Displaying supreme arrogance, India’s chief election commissioner on August 2 dismissed calls for international observers to monitor forthcoming elections in the disputed state of Jammu and Kashmir. Describing them as the “white man’s” prescriptions, chief election commissioner J M Lyngdoh said: “We believe observing means white man coming and observing what the native is doing. If somebody wants to come, they can come in their individual capacity and [sic] they will not represent these commissions.” He insisted: “They are not going to teach us a lesson” in democracy, but was forced to admit that the proposed polls, to be held from September 16 to October 8, were not going to be held under “normal conditions” and that voters would need “personal courage” to exercise their right to vote.
The polls have been denounced by all Kashmiri groups as a farce meant to hoodwink the world into believing that normality is returning to the troubled state, which has been in the throes of a popular uprising since December 1989. Abdul Ghani Bhat, chairman of the All-Parties Hurriyet Conference (APHC), a 23-member umbrella organization of Kashmiri groups, said in a newspaper interview on August 1: “Our stand on the polls is clear. We will not contest [the] polls for forming a government.” He went on to say: “We are ready to contest polls meant for choosing the representatives who would represent the Kashmiris in talks with India and Pakistan”, to determine the future of the disputed state. Bhat demanded that such polls be held under the supervision of the United Nations.

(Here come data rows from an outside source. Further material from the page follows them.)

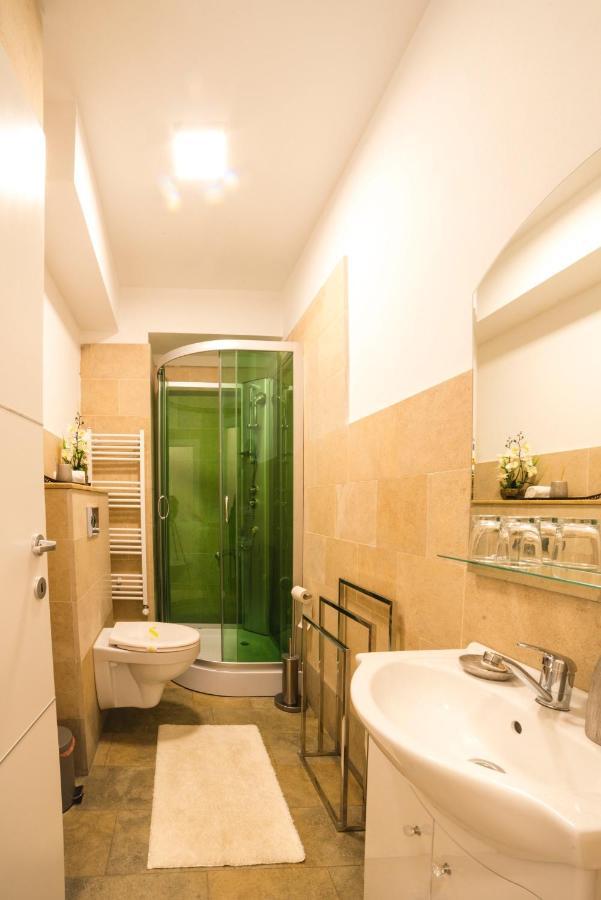 Lira Holiday Apartments Satu Mare Exteriör bild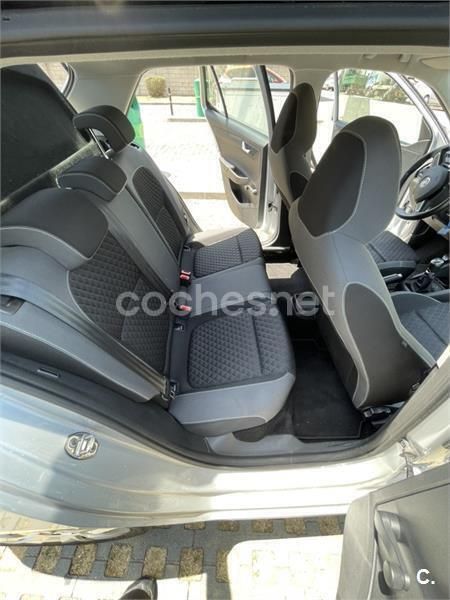 Gris / plata Usado 2015 Skoda Fabia Ambition Berlina | 7950 € (Precio justo) - Imagen 1/1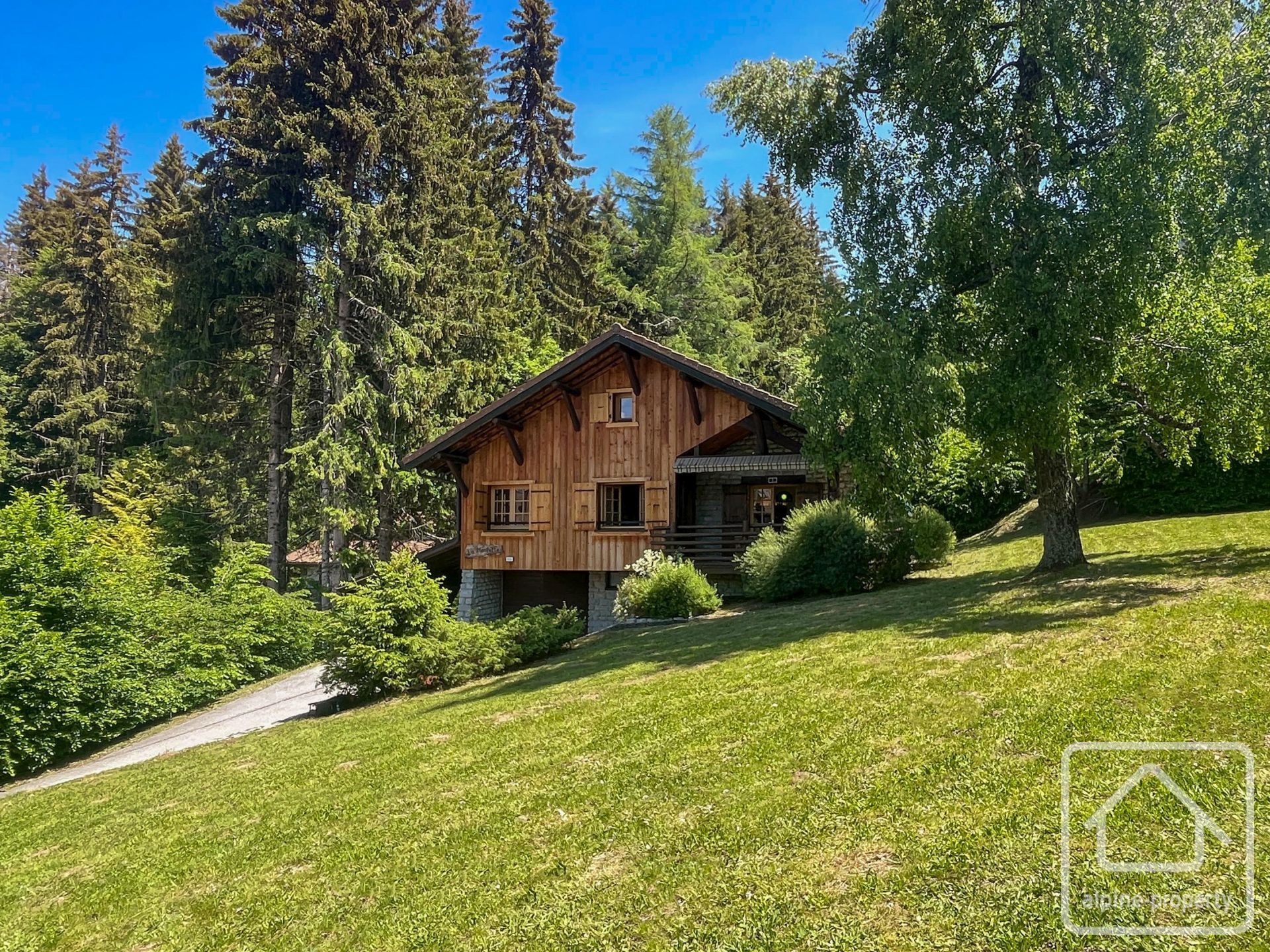 7-bedroom Chalet With 3 Bathrooms, Garage, Carport And Garden, At The Foot Of The Télécabine. – MERLETTE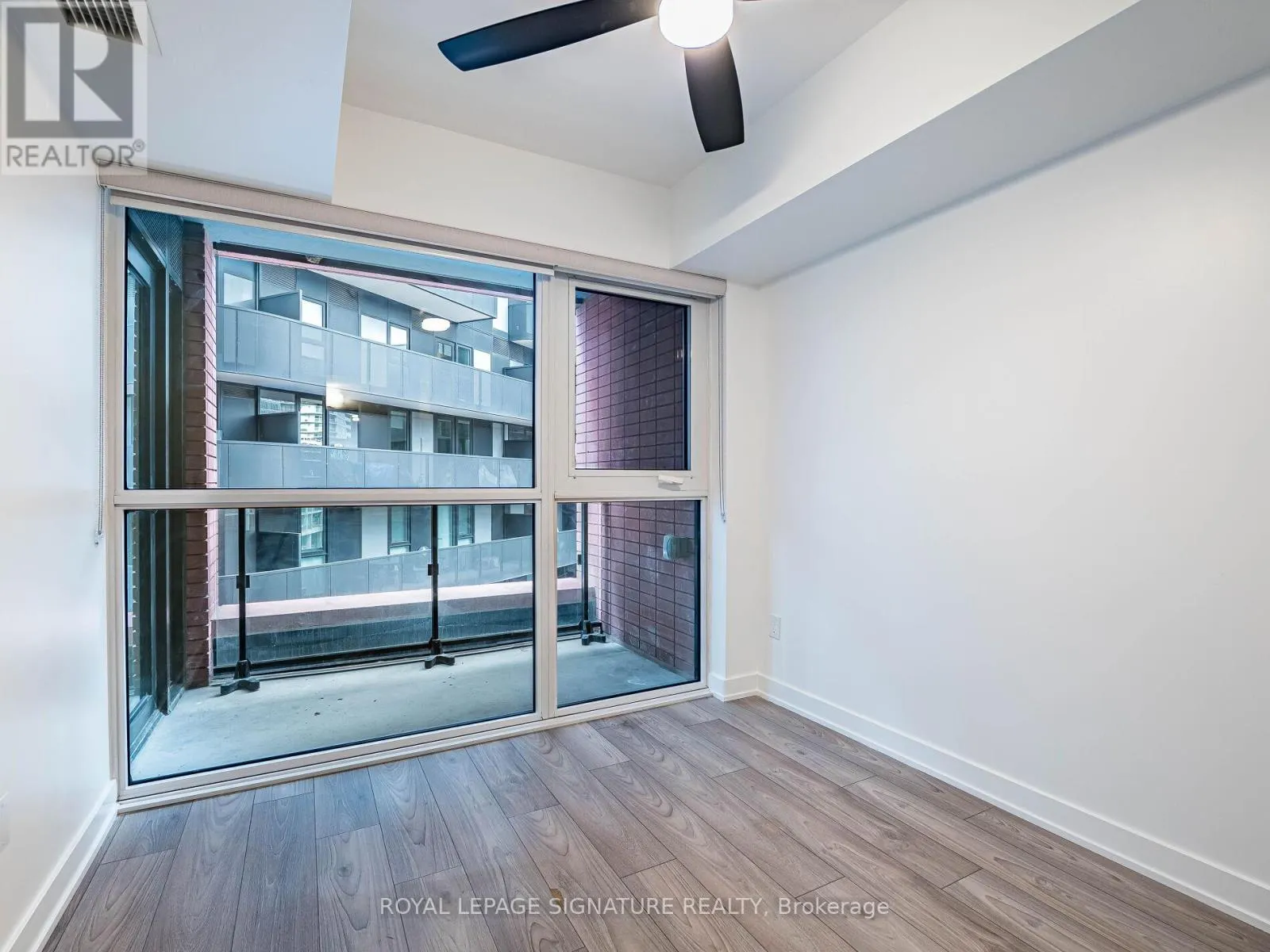 525 - 8 TIPPETT ROAD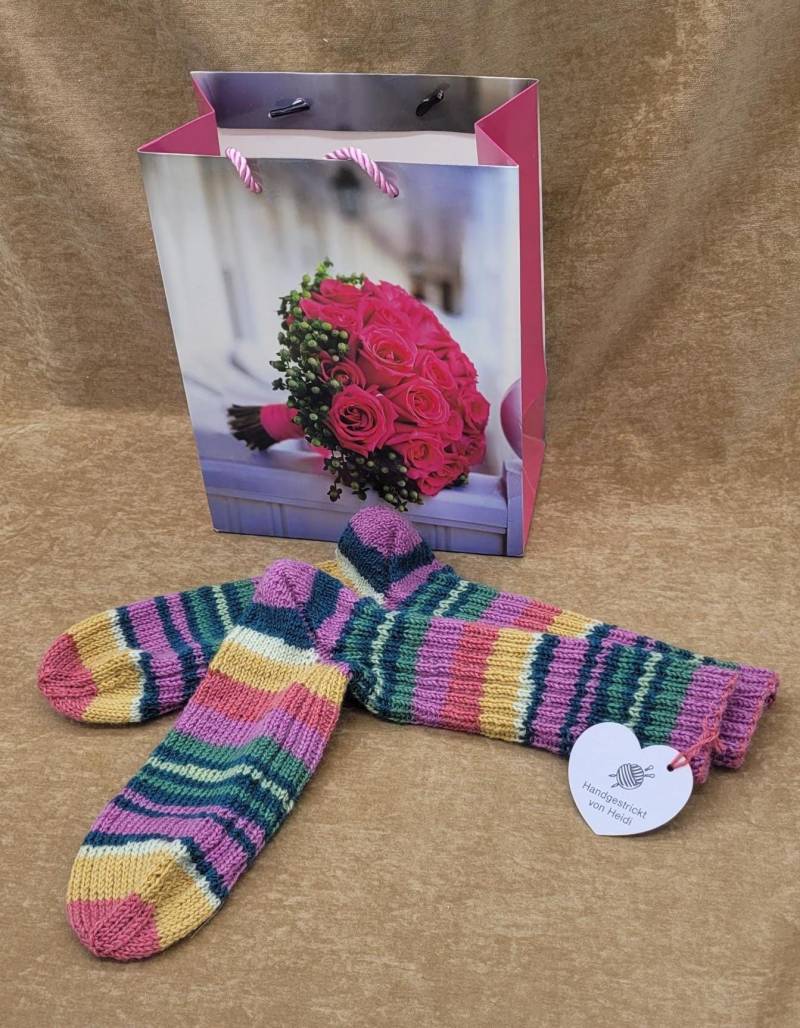 Handgestrickte Socken Größe 38/39 von HandgemachtVonHeidi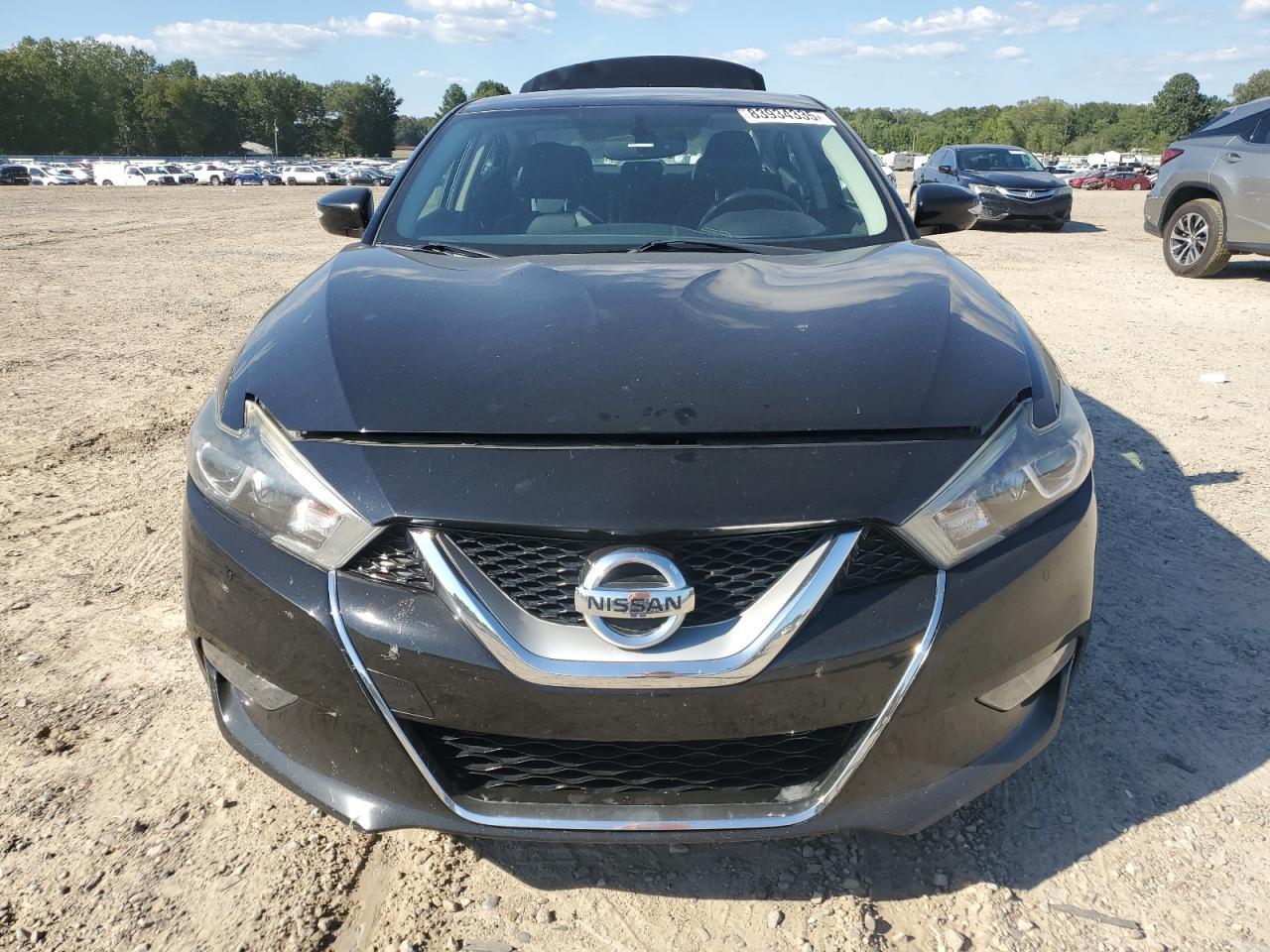 2017 NISSAN Maxima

Despite Pakistan’s objections, India has gathered important diplomatic support for its ludicrous stand, especially from the US. During his visits to Delhi (July 27) and Islamabad (July 28), US secretary of state Colin Powell endorsed the idea of polls in Kashmir, saying that they would help restore peace in the region. He did not say how this would happen.
Asked to comment, Shaikh Tajammal ul-Islam, director of the Institute of Kashmir Affairs, told Crescent International: “The polls are unacceptable because they are being held under the Indian constitution, supervised by the Indian election commission and conducted under the bayonets of the Indian army. If the Indian constitution was acceptable to the people of Kashmir, then what was the point of giving 80,000 lives since December 1989?” As a sop to Kashmiri sentiment, Powell called upon Delhi to release all Kashmiri political prisoners, especially Syed Ali Shah Gailani, who was arrested at his home on June 9 under the notorious Prevention of Terrorism Act (POTA).
The struggle of the Kashmiri people has been turned, by careful Indian propaganda, into an issue of “cross-border terrorism”, confused with the universally denounced phenomenon of international terrorism. So successful has India been in this endeavour that the US and several European states have accepted this interpretation.
On August 1 Pakistan angrily dismissed calls by the Association of South East Asian Nations [Asean] Regional Forum (ARF) meeting in Brunei, and attended by members of the European Union, to “take urgent further steps to implement” its fight against terrorism. “It would have been appropriate for the ARF to call upon India to end its repression in the occupied Jammu and Kashmir,” the Pakistan Foreign Office said in a statement on August 1. It also criticised the ARF for failing to tell India to “find a just settlement of the Kashmir dispute through negotiations with Pakistan.”
Mischievously referring to the movement of freedom-fighters across the Line of Control in Kashmir as “cross-border terrorism,” India has put Pakistan on the defensive; even the US, for geopolitical reasons, has endorsed this call. Under pressure, Pakistan has been forced to fight India’s war by preventing the movement of Kashmiri mujahideen (a task that India’s 700,000-strong army of occupation singularly failed to accomplish in 13 years), but Delhi insists that Pakistan must do more.
L. K. Advani, India’s deputy prime minister, a “superhawk” and a hardcore Hindu fundamentalist, admitted on July 31 that “cross-border” infiltration had declined, but insisted Pakistan must still “do more”. Even Powell said similar things during his visit to Delhi a few days earlier, despite clear evidence that no such movement was taking place any more. In fact the Pakistan army is working with such alacrity along the LoC that even shepherds are arrested and prevented from going across.
The Indo-US pressure is in reality meant to force Pakistan to abandon its decades-old stand of supporting the Kashmiris’ right of self-determination. The US is supporting India and would like to bury the issue by allowing Delhi to formalise its control of the state, with some measure of limited autonomy granted to the Kashmiris.
In a world intoxicated with military might, weakness has become a curse. This is the plight of Muslims from Kashmir to Palestine and Chechnya. Their cries of anguish are dismissed; their desperate struggle to regain some dignity by hitting back at their tormentors is branded terrorism. Military occupation is ignored when it is in fact a form of terrorism. In August 1990, when the Iraqi army invaded Kuwait, a former province of Iraq separated from it through British intrigue, it was immediately branded as a threat to international peace and security.